Your objective → Below are the records; give again exactly the line with "6 Bedroom House", the line with "Lekoa Bed And Breakfast", and each line that lies between them, and nothing besides.

Records to use →
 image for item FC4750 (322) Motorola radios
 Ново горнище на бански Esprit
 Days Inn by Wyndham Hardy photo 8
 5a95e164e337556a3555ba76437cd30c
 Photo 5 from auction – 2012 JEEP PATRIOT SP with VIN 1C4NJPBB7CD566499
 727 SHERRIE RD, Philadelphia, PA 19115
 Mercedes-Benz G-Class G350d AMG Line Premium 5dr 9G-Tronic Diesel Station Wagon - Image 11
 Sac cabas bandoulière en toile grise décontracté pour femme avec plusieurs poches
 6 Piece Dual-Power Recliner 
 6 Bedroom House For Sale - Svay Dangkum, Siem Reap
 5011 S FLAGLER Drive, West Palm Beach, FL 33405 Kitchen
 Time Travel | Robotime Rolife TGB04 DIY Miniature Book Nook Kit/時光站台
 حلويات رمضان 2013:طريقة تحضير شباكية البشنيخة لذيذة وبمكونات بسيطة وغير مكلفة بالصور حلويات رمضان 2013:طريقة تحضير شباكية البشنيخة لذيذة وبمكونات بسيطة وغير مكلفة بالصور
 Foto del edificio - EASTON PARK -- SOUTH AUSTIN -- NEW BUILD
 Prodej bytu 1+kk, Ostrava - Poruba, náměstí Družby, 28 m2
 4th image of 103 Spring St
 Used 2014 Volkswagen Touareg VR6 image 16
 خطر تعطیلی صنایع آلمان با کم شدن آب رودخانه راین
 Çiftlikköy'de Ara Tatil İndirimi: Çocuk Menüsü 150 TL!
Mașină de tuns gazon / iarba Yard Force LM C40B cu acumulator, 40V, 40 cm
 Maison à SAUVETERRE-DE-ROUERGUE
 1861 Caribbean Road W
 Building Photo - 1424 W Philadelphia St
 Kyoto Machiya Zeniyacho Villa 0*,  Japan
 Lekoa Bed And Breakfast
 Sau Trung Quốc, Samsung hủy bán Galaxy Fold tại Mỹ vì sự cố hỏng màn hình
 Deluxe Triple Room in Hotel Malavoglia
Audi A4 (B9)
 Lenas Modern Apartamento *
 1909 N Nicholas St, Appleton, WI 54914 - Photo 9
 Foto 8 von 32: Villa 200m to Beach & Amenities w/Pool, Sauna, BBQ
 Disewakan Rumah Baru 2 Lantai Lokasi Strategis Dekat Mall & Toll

Result for this task →
 6 Bedroom House For Sale - Svay Dangkum, Siem Reap
 5011 S FLAGLER Drive, West Palm Beach, FL 33405 Kitchen
 Time Travel | Robotime Rolife TGB04 DIY Miniature Book Nook Kit/時光站台
 حلويات رمضان 2013:طريقة تحضير شباكية البشنيخة لذيذة وبمكونات بسيطة وغير مكلفة بالصور حلويات رمضان 2013:طريقة تحضير شباكية البشنيخة لذيذة وبمكونات بسيطة وغير مكلفة بالصور
 Foto del edificio - EASTON PARK -- SOUTH AUSTIN -- NEW BUILD
 Prodej bytu 1+kk, Ostrava - Poruba, náměstí Družby, 28 m2
 4th image of 103 Spring St
 Used 2014 Volkswagen Touareg VR6 image 16
 خطر تعطیلی صنایع آلمان با کم شدن آب رودخانه راین
 Çiftlikköy'de Ara Tatil İndirimi: Çocuk Menüsü 150 TL!
Mașină de tuns gazon / iarba Yard Force LM C40B cu acumulator, 40V, 40 cm
 Maison à SAUVETERRE-DE-ROUERGUE
 1861 Caribbean Road W
 Building Photo - 1424 W Philadelphia St
 Kyoto Machiya Zeniyacho Villa 0*,  Japan
 Lekoa Bed And Breakfast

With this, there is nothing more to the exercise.